Hispanic Prisoners in the Civil War
Federico Fernandez Cavada was born in Cienfuegos, Cuba in 1832. His father, Isodoro Cavada, died in 1838 and Federico was sent to live with his mother, Emily Gatier, in Philiadelphia. In Philadelphia the young Cavada was educated and became an engineer. A staunch abolitionist, Cavada enlisted, along with his brother Adolfo, in the Union Army at the outbreak of the Civil War, in which he served as an engineer. Assigned to a hot air balloon observation unit, Cavada spent a good deal of time in 1862 drawing maps and sketches while floating above Confederate positions in Virginia.
By July of 1863 Cavada had achieved the rank of Lt. Colonel and was in command of the 114th Pennsylvania Infantry. On July 2, 1863 the regiment was engaged in fierce fighting at the Battle of Gettysburg and Cavada was captured by Confederate forces. After a march of nearly two weeks, he found himself held in the infamous Libby Prison in Richmond, VA. Cavada was held as a prisoner of war until the Spring of 1864, when he was exchanged. Later that year he published his prison memoir, Libby Life: Experiences of a Prisoner of War in Richmond, VA, 1863-1864. Complete with his own illustrations, Cavada's book gave a detailed narrative of the prisoner of war experience from his capture until his release.
NPS/Andersonville National Historic Site
After the Civil War, Cavada was appointed as a consul in Cuba. In 1869 he resigned, and joined the Cuban resistance against Spanish rule in the Cuban Ten Years War. Although he survived his prisoner of war experience in Libby Prison, he would not be so fortunate in Cuba. Captured by Spanish forces, he was executed by firing squad in July of 1871.

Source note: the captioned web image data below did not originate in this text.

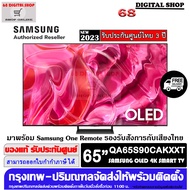 SAMSUNG 65S90C OLED 4K Smart TV 144Hz 65 นิ้ว รุ่น QA65S90CAKXXT
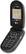 Left Standard. Verizon - LG VX8350 Cell Phone - Black.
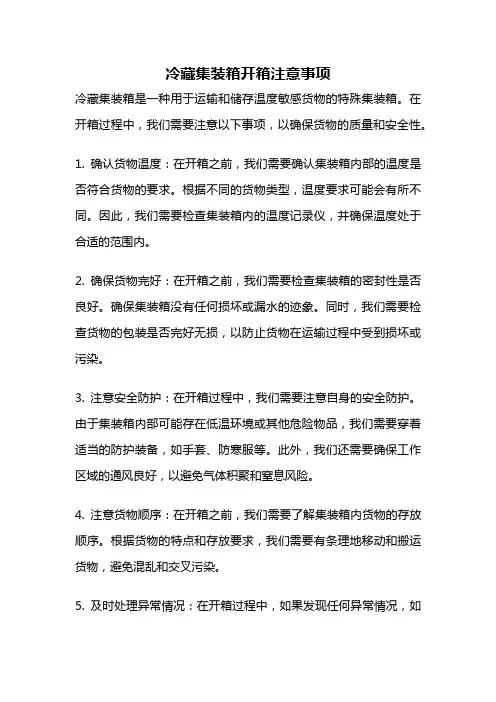 冷藏集装箱开箱注意事项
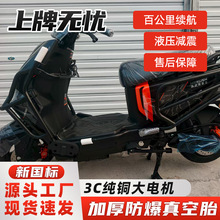 黑武士电动摩托车高速电摩 黑武士T360高端智能外卖专用车可换电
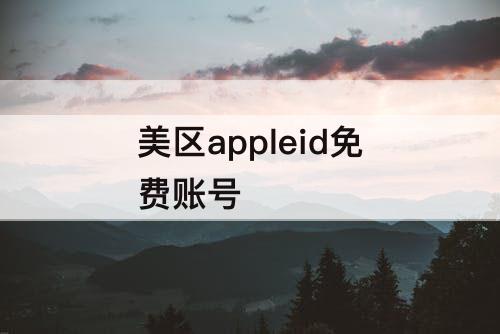 美区appleid免费账号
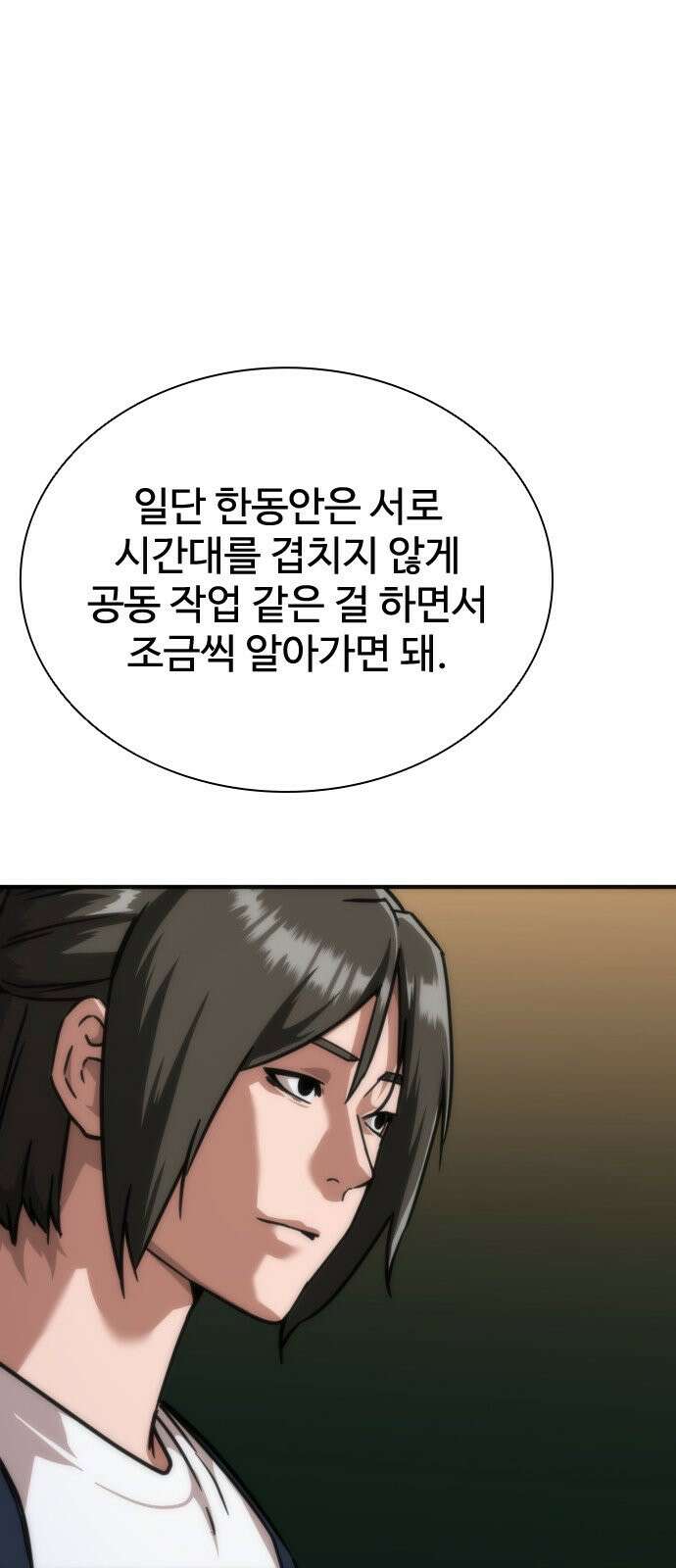 좀비묵시록 82-08 131화 77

Although Cavada is the most prominent Hispanic prisoner held during the Civil War, he was not the only one to suffer in captivity for his new country. Juan Castaño was a Spaniard living in Buffalo, NY when he enlisted in the 140th New York as a substitute in 1863. Captured at Bristoe Station in October 1863, Castaño was first held in Richmond before being transferred to Andersonville in the Spring of 1864. He died of diarrhea on May 17, 1864 and is buried in grave 1,177 in Andersonville National Cememtery. Osceola Pochontas was born around 1838 in Mexico. Prior to enlistment in the Union Army he worked as a seaman, which might help explain how he ended up in Connecticut sometime after 1860. Pochontas enlisted in Company L of the 1st Connecticut Cavalry on January 6, 1864. He was captured on May 5, 1864 at Craig's Church, VA and sent to Andersonville. He died on October 11, 1864 of scurvy and is buried in grave 10,676 in the Andersonville National Cemetery. To date, Pochontas and Castaño Pochontas are the only documented Hispanic soldiers to be held at Andersonville Prison.

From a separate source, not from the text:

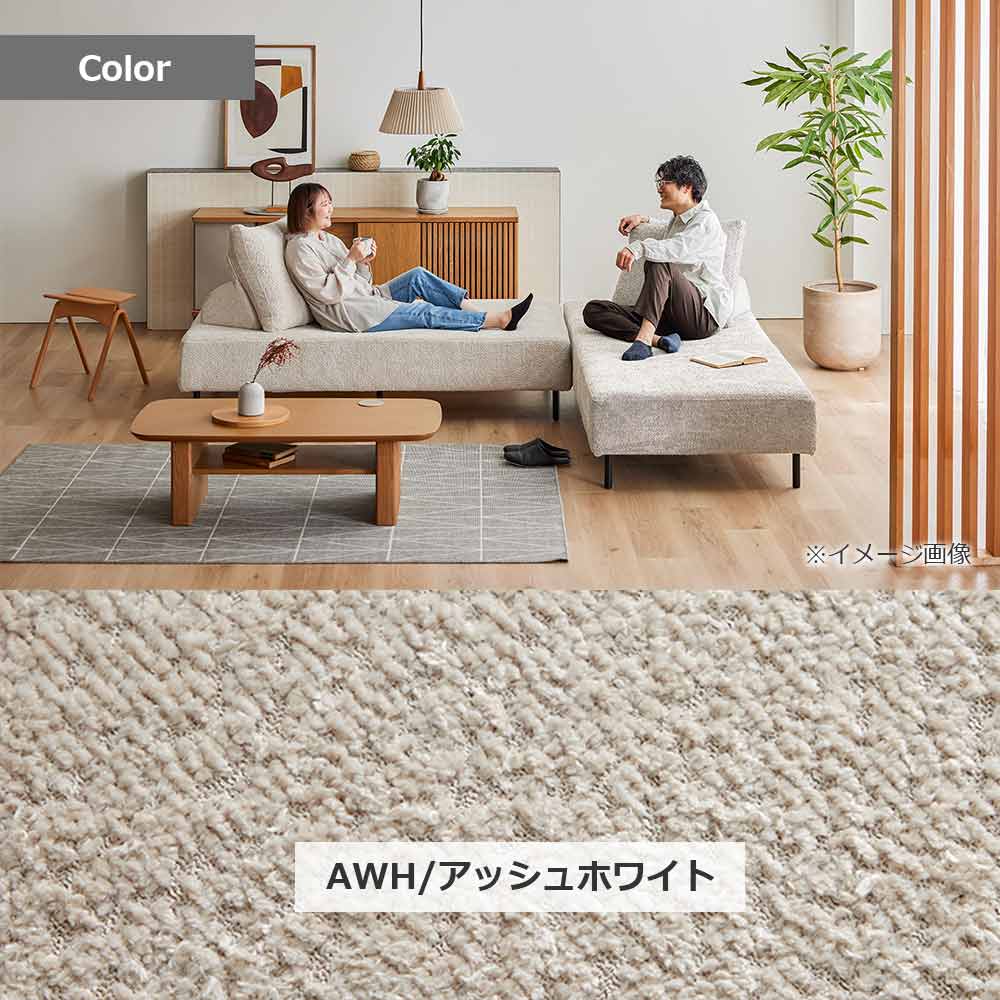 ソファ2点セット「ティノ」背クッション4個付き 幅270cm 布全2色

The contributions made by Hispanics during the Civil War are often overlooked. They risked their lives and their freedom in order to ensure that the nation would be preserved. Their stories, which are still being discovered and told, provide inspiration and reflection as the legacy of the Civil War belongs to all Americans.
Did You Know?
Andersonville prison was the deadliest prisoner of war camp during the Civil War with a total of nearly 13,000 deaths. Over 40% of all Union prisoners of war who died during the Civil War perished at Andersonville.